Harbor Installation Guide: Building a Professional Private Registry for DevOps

Docker tutorial - IT technology blog
Docker tutorial - IT technology blog

When Docker Hub is No Longer “Free and Unlimited”

A phone call at 2 AM usually signals a serious incident. My company’s CI/CD pipeline suddenly stopped with a 429 Too Many Requests error. In reality, Docker Hub has tightened its limits: free accounts are restricted to 100-200 pulls every 6 hours. When a K8s system scales up to 20-30 nodes, this limit disappears in the blink of an eye.

Moreover, storing images containing company core code on a public cloud always carries data leak risks. If you want full control over your infrastructure without depending on third parties, building a Private Docker Registry is an essential step. Instead of using the basic default Registry, Harbor is the most comprehensive solution I’ve ever deployed.

Why Harbor is the Top Choice for Enterprises?

Harbor is more than just an image repository; it’s an Artifact ecosystem manager (including Helm Charts). Here are the reasons why Harbor stands out:

  • Intuitive Interface: Manage everything via Web UI—no more “blindly” typing commands to check every layer.
  • Granular RBAC: You can restrict the Dev team to pull-only, while the DevOps/CI-CD team has push permissions.
  • Vulnerability Scanning with Trivy: Automatically detect outdated libraries or CVEs (Common Vulnerabilities and Exposures) as soon as an image is pushed.
  • Retention Policies: Automatically delete old images after 30 days or keep only the 5 latest versions to save storage space.

Infrastructure Preparation: Don’t Skimp on RAM

In terms of infrastructure, Harbor runs several sub-services (PostgreSQL, Redis, Core, Jobservice). I recommend using a VPS with at least 2 CPUs and 4GB RAM. However, if you enable continuous vulnerability scanning, upgrade to 8GB RAM to prevent system hangs due to Out Of Memory (OOM) errors.

Ensure Docker is already installed. Currently, Docker Compose v2 (the docker compose command without a hyphen) has become the standard. Switching to v2 makes container management much smoother and more stable.

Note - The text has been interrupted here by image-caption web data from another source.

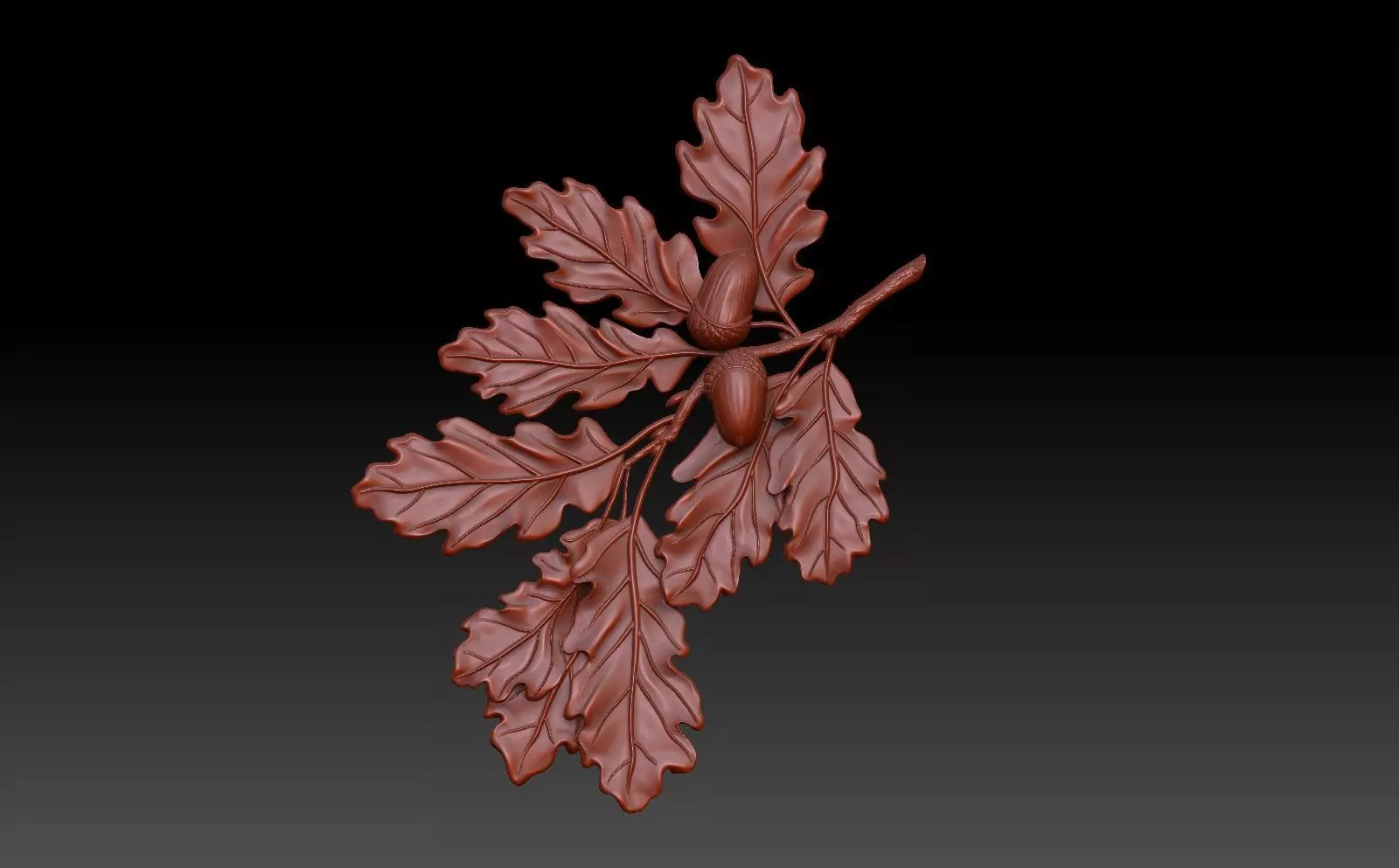 Oak branch 3D print model_0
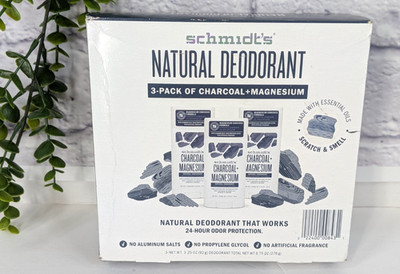 NEW SEALED 3 PACK Schmidt's Natural Deodorant Stick CHARCOAL + MAGNESIUM  1.7oz
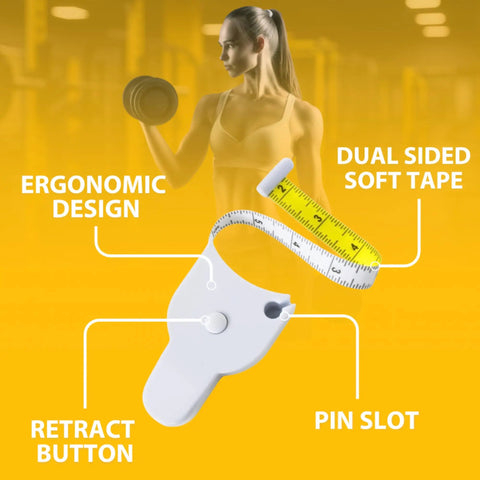 80 Inch Automatic Telescopic Body Measuring Tape with dual color yellow side, ergonomic design, retract button, pin slot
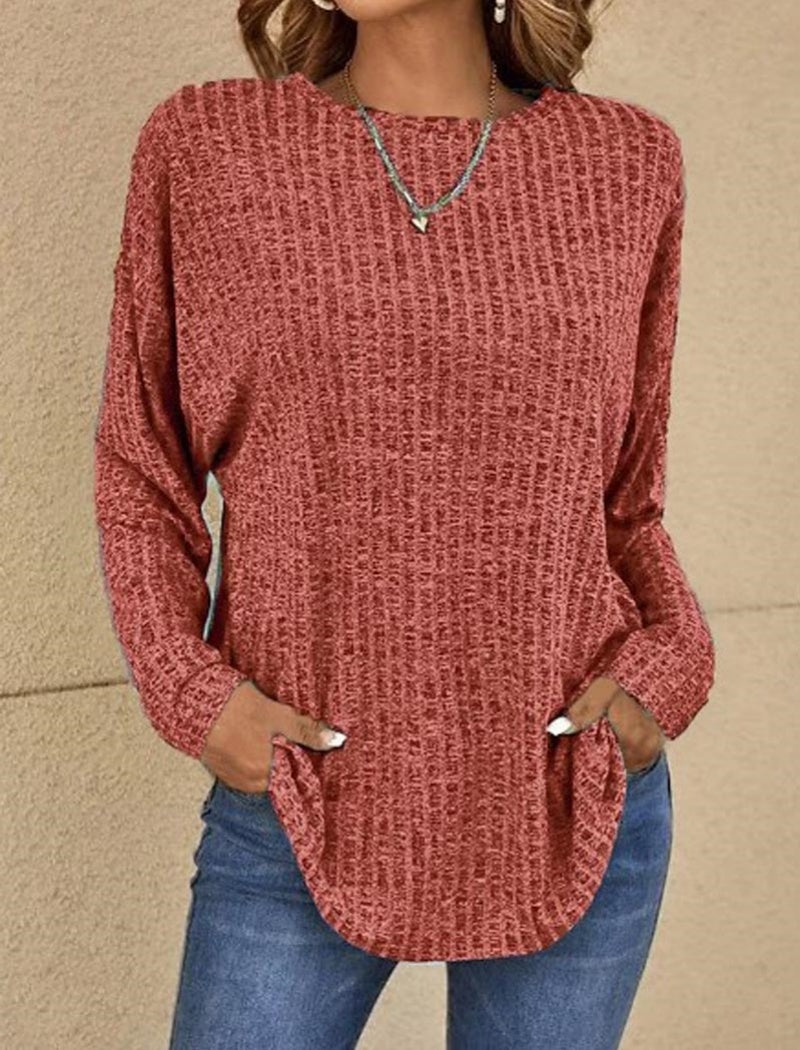 Ribbed Crewneck Long Sleeve Loose Tee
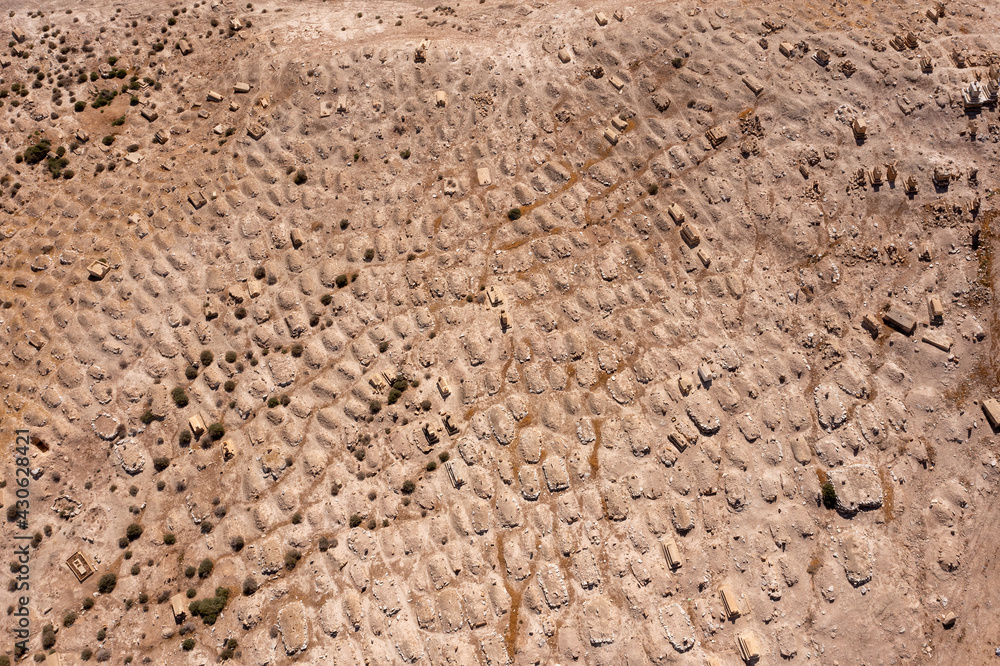 Ancient cemetery of Nabi Musa, Believed to be where the tomb of The Prophet Moses, Aerial view. Ancient cemetery of Nabi Musa, Believed to be where the tomb of The Prophet Moses, Aerial view.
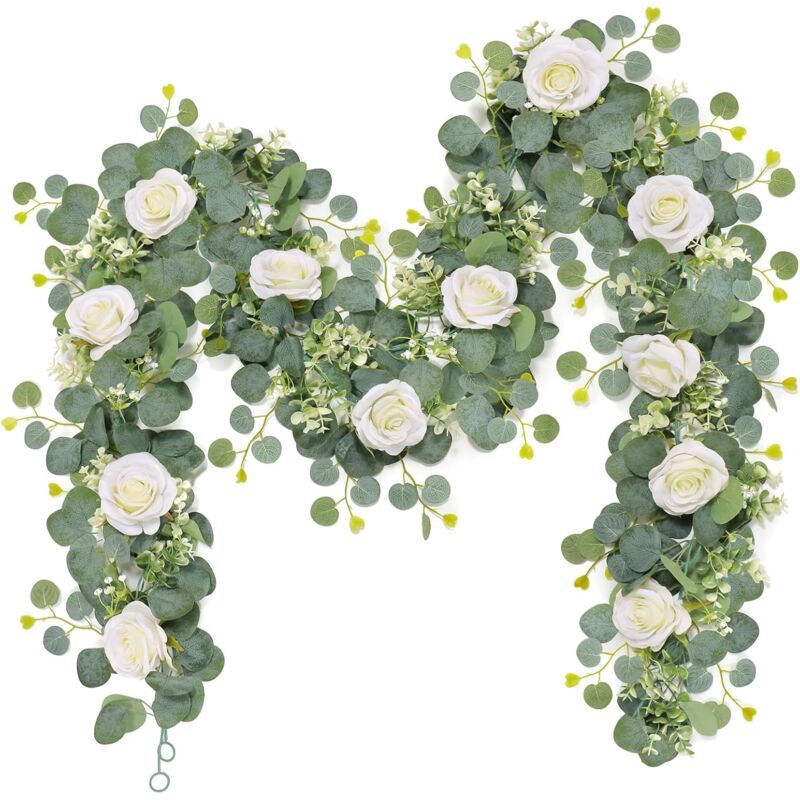 2 Pièces Guirlande Fleurs Artificielles 1.8m Faux Rosier Guirlande Eucalyptus Plante Artificielle Guirlande de Fleur Fausse Plantes Suspendues pour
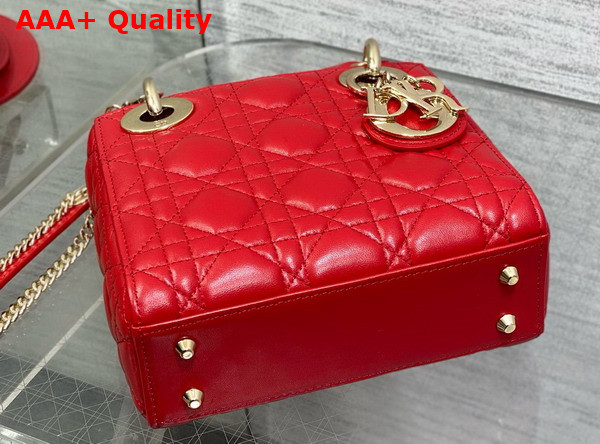 Dior Mini Lady Dior Bag in Red Cannage Lambskin with Pale Gold Finish Metal Replica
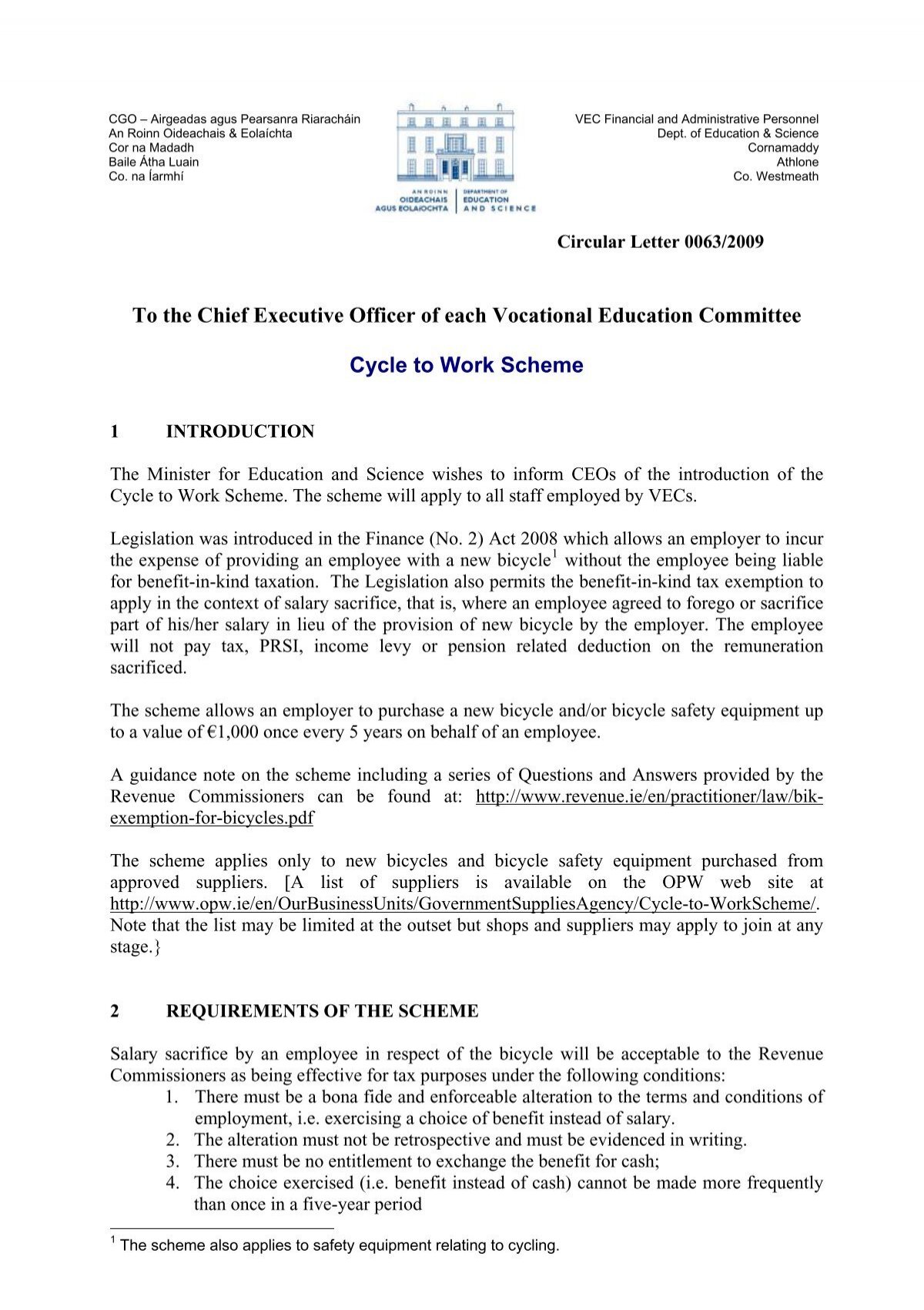 revenue cycle to work scheme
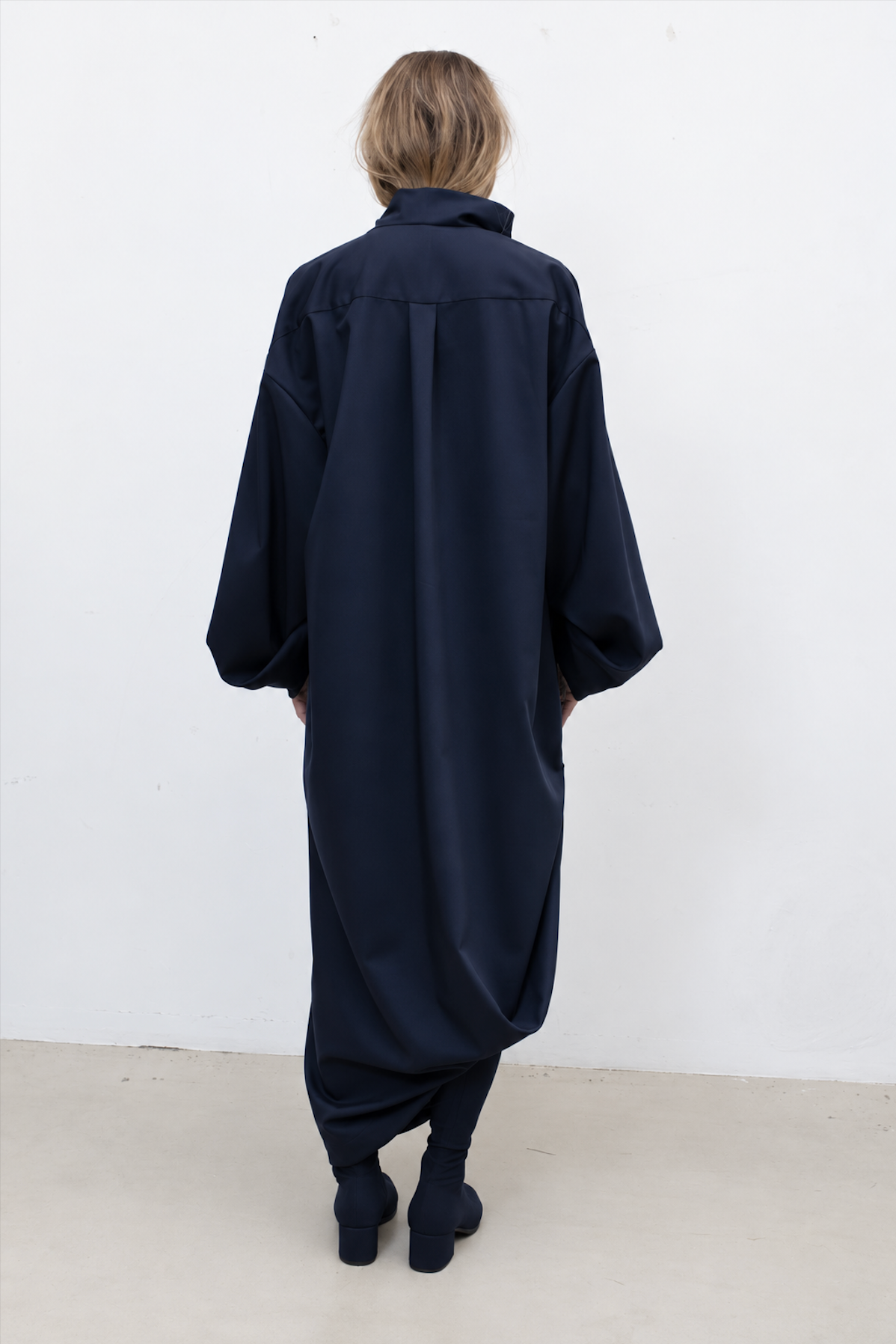 Tuxedo Dress in Navy Cool Wool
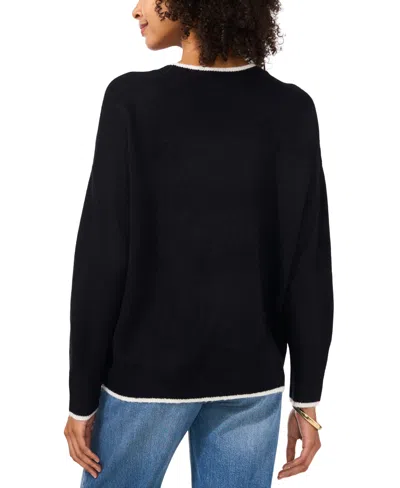 Vince Camuto Women's Tipped Crewneck Sweater In Black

# Check Docker Compose version
docker compose version

Detailed Harbor Installation Steps

Step 1: Download the Installer

I prefer using the Online Installer to save initial download bandwidth; the system will automatically pull necessary images while running the script.

wget https://github.com/goharbor/harbor/releases/download/v2.9.0/harbor-online-installer-v2.9.0.tgz
tar xvzf harbor-online-installer-v2.9.0.tgz
cd harbor

Step 2: Configure the harbor.yml File

The key lies in the configuration file. Copy the template and edit the important parameters:

cp harbor.yml.tmpl harbor.yml
nano harbor.yml

Note the following lines:

  • hostname: Enter your domain (e.g., hub.itfromzero.com).
  • https: Docker requires secure connections by default. If you use Nginx Proxy Manager or Cloudflare in front, disable HTTPS in this file to let the Proxy handle SSL, simplifying the configuration.
  • data_volume: Where images are stored. Ensure this partition has at least 50-100GB of free space.

Step 3: Activate Security Features

Don’t just install a “plain” Harbor. Integrate Trivy to turn your Registry into a security fortress:

sudo ./install.sh --with-trivy

This process takes about 5 minutes. When the terminal displays a success message, you can access the admin interface.

Real-world Operation: Pushing Images and Scanning for Vulnerabilities

After logging in, create a new Project immediately instead of using the public one. Don’t forget to enable “Automatically scan images on push”. This feature helps you sleep better knowing that any image with vulnerabilities will be flagged immediately.

Pushing Images from a Local Machine

First, you need to authenticate with your private registry:

docker login hub.itfromzero.com

# Tag the image according to Harbor's structure
docker tag my-app:latest hub.itfromzero.com/itfromzero-project/my-app:v1

# Push the image to the system
docker push hub.itfromzero.com/itfromzero-project/my-app:v1

If your image contains old libraries like an outdated OpenSSL, Harbor will display a red warning right on the Dashboard. This is extremely useful for requiring Devs to fix code before deploying to Production.

Troubleshooting Tips

The most common issue is disk space exhaustion. Every time a new image is built, old layers still exist as “untagged”. Go to Administration -> Garbage Collection and set a weekly schedule to free up space.

If you encounter the x509: certificate signed by unknown authority error due to using self-signed SSL, you need to declare the Registry in the Docker configuration file on the client machine:

# Edit /etc/docker/daemon.json
{
  "insecure-registries" : ["hub.itfromzero.com"]
}

Then, run systemctl restart docker to apply the changes.

Conclusion

Deploying Harbor is a worthy investment for any DevOps team looking to go professional. You not only save on bandwidth costs but also gain full ownership of your data. Although initial SSL configuration and resource optimization take some effort, the stability and security Harbor provides are indisputable.